[MLIR][tensor] Improve `tensor.pack` verifier to catch more cases with unconditional runtime errors #77217

srcarroll · 2024-01-07T01:43:51Z

Previously, the tensor.pack verifier detects unconditional runtime errors only when tile sizes are static. Now, dynamic tiles are considered and we only require that the input and either corresponding tile or output size are static to determine if it will unconditionally produce errors at runtime.

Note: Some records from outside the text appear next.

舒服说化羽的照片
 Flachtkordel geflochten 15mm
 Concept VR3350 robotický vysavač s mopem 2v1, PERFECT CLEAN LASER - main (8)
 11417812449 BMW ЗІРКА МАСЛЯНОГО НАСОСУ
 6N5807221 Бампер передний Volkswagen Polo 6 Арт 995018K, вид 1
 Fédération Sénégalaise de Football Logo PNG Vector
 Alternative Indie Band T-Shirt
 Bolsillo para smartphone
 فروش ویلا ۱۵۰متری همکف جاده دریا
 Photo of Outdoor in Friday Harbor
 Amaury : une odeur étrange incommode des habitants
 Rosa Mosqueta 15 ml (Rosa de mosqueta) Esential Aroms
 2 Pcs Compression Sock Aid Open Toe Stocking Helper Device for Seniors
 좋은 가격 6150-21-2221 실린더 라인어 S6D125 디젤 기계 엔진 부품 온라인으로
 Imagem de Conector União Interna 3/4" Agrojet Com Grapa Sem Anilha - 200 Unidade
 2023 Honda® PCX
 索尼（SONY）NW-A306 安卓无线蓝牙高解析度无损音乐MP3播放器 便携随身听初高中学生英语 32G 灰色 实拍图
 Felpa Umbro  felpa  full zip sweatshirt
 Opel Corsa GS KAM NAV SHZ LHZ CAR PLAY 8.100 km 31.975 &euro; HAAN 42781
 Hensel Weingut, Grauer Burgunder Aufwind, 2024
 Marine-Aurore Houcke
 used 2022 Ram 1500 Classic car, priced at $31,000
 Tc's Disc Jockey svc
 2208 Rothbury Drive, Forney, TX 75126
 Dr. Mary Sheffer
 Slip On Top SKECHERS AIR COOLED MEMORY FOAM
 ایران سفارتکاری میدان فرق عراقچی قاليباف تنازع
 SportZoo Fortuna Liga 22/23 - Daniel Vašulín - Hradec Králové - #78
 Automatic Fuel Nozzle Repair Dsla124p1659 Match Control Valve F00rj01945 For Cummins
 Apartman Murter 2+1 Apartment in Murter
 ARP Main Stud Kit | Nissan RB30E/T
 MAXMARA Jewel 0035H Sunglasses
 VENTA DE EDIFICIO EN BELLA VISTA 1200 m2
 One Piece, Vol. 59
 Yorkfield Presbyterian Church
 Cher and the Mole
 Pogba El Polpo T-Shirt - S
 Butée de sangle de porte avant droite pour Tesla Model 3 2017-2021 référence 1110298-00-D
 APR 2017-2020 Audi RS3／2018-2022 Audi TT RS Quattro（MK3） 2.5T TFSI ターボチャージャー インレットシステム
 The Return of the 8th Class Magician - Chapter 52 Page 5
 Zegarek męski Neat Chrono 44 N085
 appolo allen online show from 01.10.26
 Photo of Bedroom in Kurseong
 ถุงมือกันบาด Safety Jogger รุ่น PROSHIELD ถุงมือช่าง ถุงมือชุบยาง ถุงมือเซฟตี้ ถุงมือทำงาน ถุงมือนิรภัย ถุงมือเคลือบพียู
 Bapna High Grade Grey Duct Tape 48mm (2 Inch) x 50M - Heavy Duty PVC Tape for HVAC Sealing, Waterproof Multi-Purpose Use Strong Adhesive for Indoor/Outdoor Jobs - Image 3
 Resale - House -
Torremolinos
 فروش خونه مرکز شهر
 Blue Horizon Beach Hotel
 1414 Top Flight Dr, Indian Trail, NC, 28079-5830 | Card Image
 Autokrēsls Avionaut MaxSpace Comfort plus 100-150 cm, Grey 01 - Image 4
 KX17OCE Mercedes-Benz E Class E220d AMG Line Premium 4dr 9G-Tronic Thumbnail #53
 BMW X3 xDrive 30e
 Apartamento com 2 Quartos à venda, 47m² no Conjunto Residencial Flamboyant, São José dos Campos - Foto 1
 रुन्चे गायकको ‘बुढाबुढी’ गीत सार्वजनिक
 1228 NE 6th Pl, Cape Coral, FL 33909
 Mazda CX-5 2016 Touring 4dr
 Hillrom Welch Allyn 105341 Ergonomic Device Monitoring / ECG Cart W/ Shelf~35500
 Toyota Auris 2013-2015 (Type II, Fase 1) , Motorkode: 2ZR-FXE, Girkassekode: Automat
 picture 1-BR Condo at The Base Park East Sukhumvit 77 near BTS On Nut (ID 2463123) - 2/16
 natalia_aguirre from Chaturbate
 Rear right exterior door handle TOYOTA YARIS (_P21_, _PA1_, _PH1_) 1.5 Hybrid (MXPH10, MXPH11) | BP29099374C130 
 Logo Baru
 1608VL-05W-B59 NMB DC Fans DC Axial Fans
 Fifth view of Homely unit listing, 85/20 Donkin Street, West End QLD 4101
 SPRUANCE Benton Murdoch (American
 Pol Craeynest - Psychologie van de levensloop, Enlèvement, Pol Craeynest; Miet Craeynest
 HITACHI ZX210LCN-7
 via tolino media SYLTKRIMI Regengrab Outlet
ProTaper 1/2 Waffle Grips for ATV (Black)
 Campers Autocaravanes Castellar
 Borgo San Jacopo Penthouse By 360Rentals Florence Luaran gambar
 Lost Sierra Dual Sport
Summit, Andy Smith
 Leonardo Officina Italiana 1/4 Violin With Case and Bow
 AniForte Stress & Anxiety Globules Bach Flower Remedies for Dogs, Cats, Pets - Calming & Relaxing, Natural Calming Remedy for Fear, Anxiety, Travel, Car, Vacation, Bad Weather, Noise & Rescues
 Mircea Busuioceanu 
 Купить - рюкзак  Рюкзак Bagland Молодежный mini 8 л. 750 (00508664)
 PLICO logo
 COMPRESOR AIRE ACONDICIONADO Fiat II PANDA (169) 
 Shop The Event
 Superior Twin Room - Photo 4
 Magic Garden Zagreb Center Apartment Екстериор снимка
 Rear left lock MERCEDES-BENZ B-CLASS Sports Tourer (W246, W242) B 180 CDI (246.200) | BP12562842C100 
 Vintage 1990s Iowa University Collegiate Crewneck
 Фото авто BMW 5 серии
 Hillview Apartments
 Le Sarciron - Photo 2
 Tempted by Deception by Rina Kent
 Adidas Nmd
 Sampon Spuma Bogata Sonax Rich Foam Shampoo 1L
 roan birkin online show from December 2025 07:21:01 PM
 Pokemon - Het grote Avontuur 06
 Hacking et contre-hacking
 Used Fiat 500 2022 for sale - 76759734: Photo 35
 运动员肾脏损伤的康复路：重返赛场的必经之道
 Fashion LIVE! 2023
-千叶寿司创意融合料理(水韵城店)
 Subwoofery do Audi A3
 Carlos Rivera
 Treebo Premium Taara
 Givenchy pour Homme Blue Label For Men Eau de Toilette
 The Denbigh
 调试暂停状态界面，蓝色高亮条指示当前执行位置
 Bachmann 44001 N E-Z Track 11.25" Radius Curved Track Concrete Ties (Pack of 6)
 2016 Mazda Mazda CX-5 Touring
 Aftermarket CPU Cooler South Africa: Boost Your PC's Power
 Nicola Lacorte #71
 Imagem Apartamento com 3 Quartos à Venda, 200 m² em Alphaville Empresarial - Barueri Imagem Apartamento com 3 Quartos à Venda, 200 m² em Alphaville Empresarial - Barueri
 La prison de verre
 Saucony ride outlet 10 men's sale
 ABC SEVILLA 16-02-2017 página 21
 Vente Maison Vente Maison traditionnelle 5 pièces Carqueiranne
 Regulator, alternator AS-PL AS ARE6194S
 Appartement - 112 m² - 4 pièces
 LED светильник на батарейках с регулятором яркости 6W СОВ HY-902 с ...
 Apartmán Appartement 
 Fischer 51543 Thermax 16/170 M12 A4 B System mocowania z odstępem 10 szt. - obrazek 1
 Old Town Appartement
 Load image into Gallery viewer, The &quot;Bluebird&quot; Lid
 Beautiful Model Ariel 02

llvmbot · 2024-01-07T01:58:01Z

@llvm/pr-subscribers-mlir-linalg
@llvm/pr-subscribers-mlir

@llvm/pr-subscribers-mlir-tensor

Author: None (srcarroll)

Changes

Previously, the tensor.pack verifier detects undefined behavior only when tile sizes are static. Now, dynamic tiles are considered and we only require that the input and either corresponding tile or output size are static to determine UB.

Full diff: https://github.com/llvm/llvm-project/pull/77217.diff

4 Files Affected:

(modified) mlir/include/mlir/Dialect/Tensor/IR/TensorOps.td (+4-3)
(modified) mlir/lib/Dialect/Linalg/Transforms/Transforms.cpp (+4-2)
(modified) mlir/lib/Dialect/Tensor/IR/TensorOps.cpp (+23-7)
(modified) mlir/test/Dialect/Tensor/invalid.mlir (+9-1)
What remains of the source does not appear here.